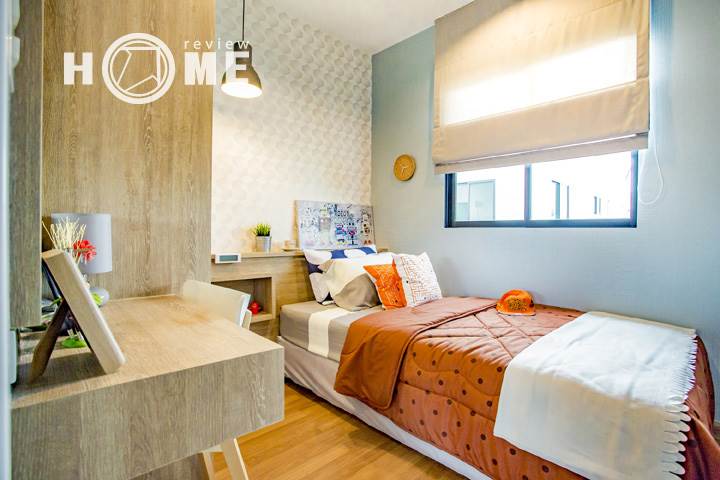 รีวิวบ้าน เดอะ คอนเนค รัตนาธิเบศร์-ราชพฤกษ์ รีวิวบ้าน เดอะ คอนเนค รัตนาธิเบศร์-ราชพฤกษ์
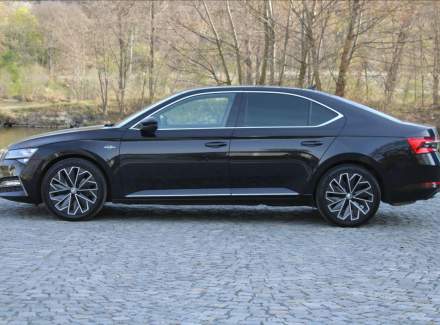 Škoda - Superb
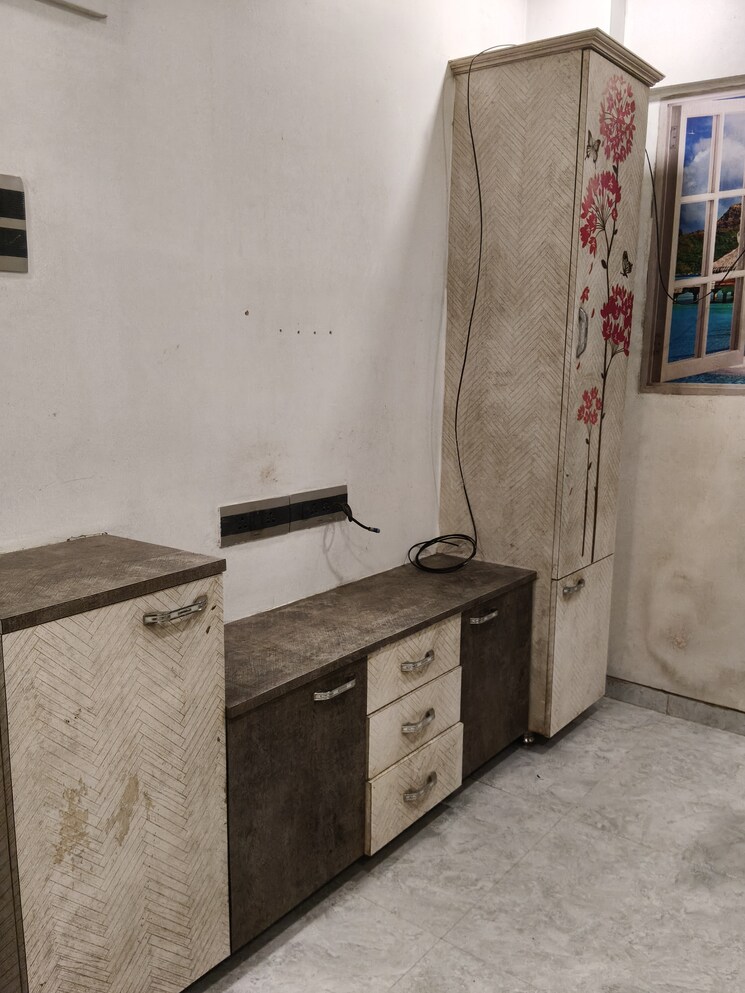 Kitchen, krishna-galaxy-santacruz 1 Bedroom 225 Sq.Ft. Apartment In Santacruz East Mumbai 9018662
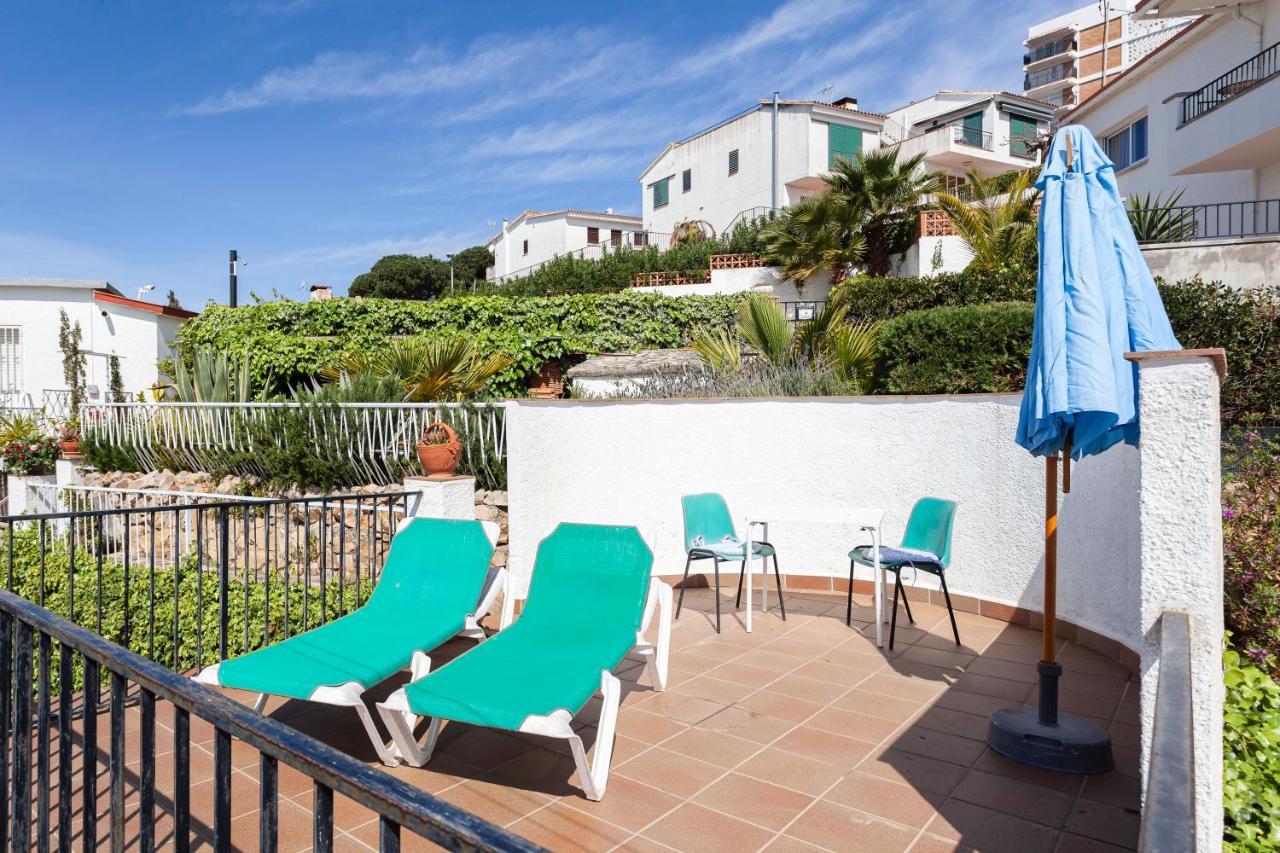 Villa Casa Morisca Vistas Al Mar à Tossa de Mar Extérieur photo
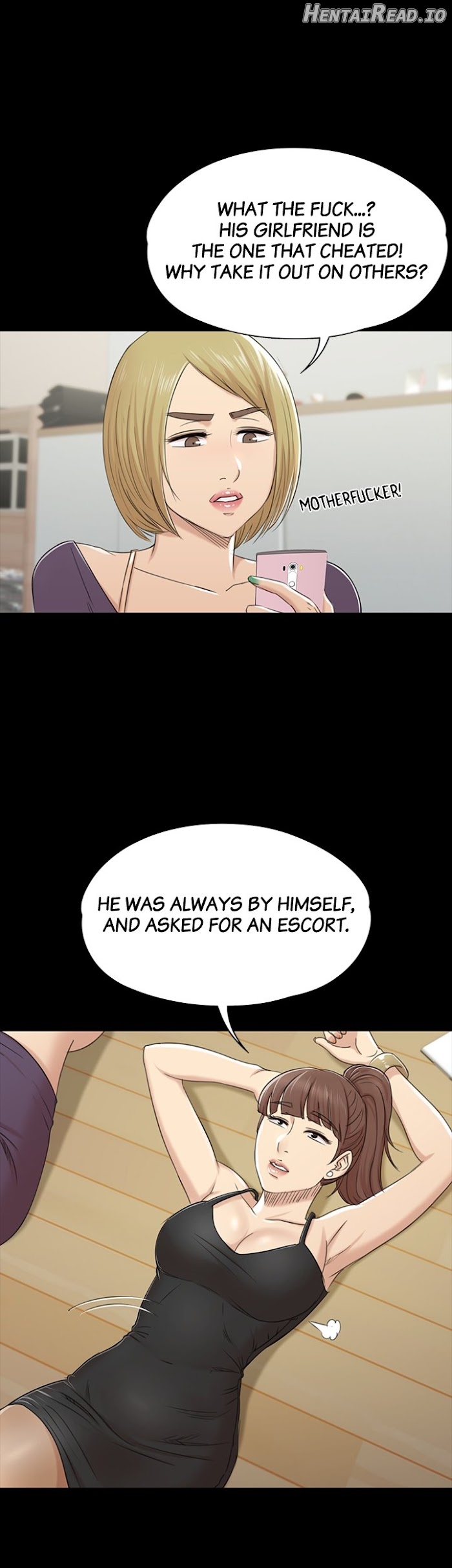 Double Life Chapter 46 - page 7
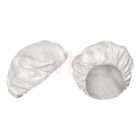 Bonete de unica folosinta ROTH TYVEK IsoClean IC 729 BWH WS, pentru camere curate, sterile, albe, 250 buc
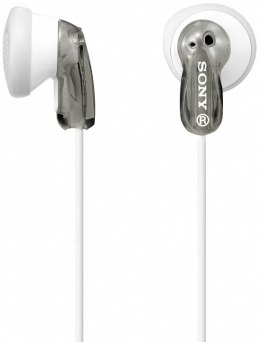 Słuchawki Douszne SONY MDR-E9LPH (1.2m /3.5 mm wtyk/Szaro-biały)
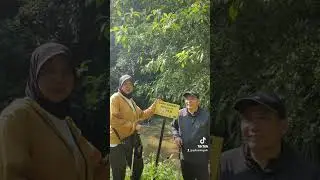 Tracking  ( leuwi hejo, leuwi benjol, curug barong , leuwi leiak , leuwi ceupat) tgl 23 juli 2023...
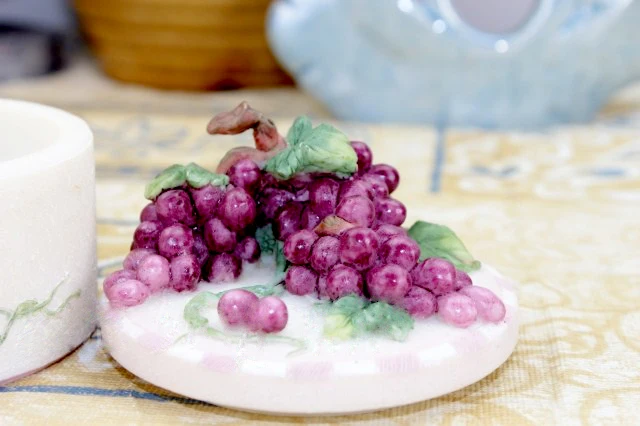 Силиконовая форма ручной работы для шоколада шкатулки украшений фруктов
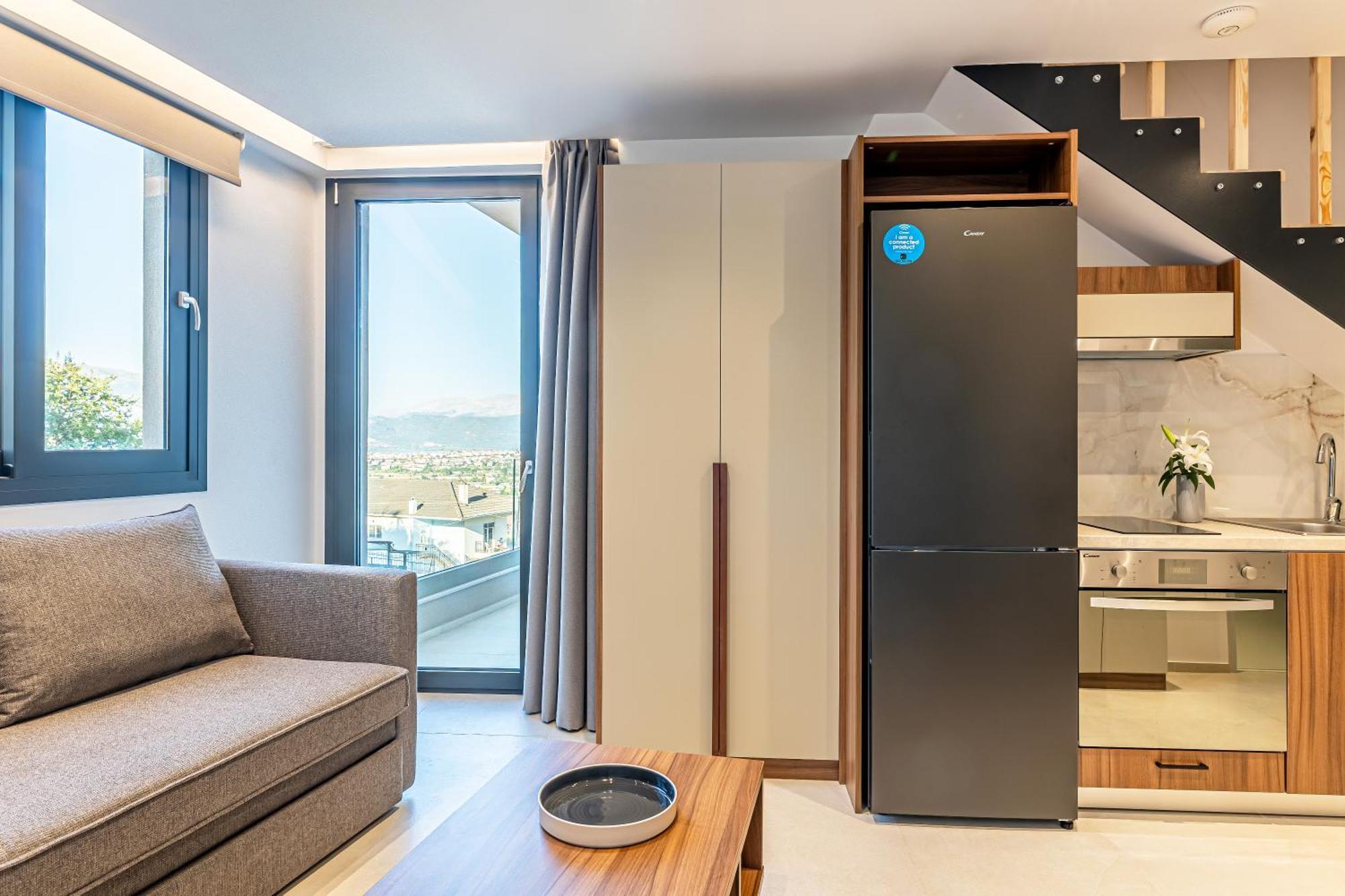 يانينة City Hill Luxury Apartments المظهر الخارجي الصورة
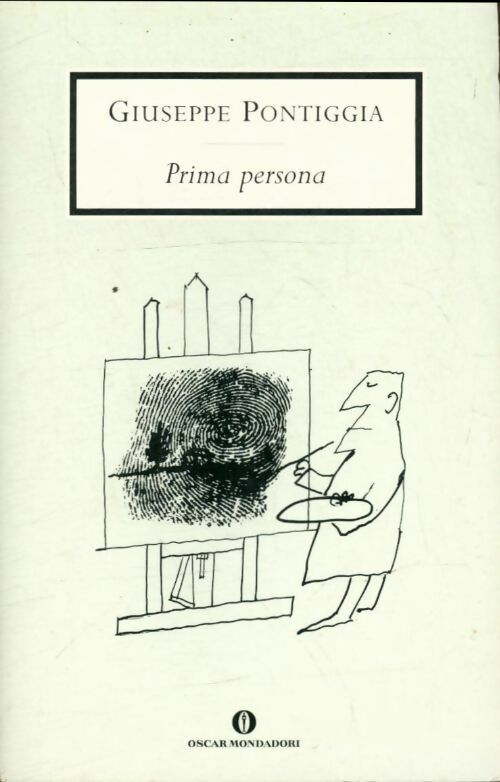 Livrenpoche : Prima persona - Giuseppe Pontiggia - Livre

_ _ _ _ _

The full set of entries should be transcribed exactly, pictures left aside.

**Answer:**
 รีวิวบ้าน เดอะ คอนเนค รัตนาธิเบศร์-ราชพฤกษ์ รีวิวบ้าน เดอะ คอนเนค รัตนาธิเบศร์-ราชพฤกษ์
 Škoda - Superb
 Kitchen, krishna-galaxy-santacruz 1 Bedroom 225 Sq.Ft. Apartment In Santacruz East Mumbai 9018662
 Villa Casa Morisca Vistas Al Mar à Tossa de Mar Extérieur photo
 Double Life Chapter 46 - page 7
 Bonete de unica folosinta ROTH TYVEK IsoClean IC 729 BWH WS, pentru camere curate, sterile, albe, 250 buc
 Słuchawki Douszne SONY MDR-E9LPH (1.2m /3.5 mm wtyk/Szaro-biały)
 Tracking  ( leuwi hejo, leuwi benjol, curug barong , leuwi leiak , leuwi ceupat) tgl 23 juli 2023...
 Силиконовая форма ручной работы для шоколада шкатулки украшений фруктов
 يانينة City Hill Luxury Apartments المظهر الخارجي الصورة
 Livrenpoche : Prima persona - Giuseppe Pontiggia - Livre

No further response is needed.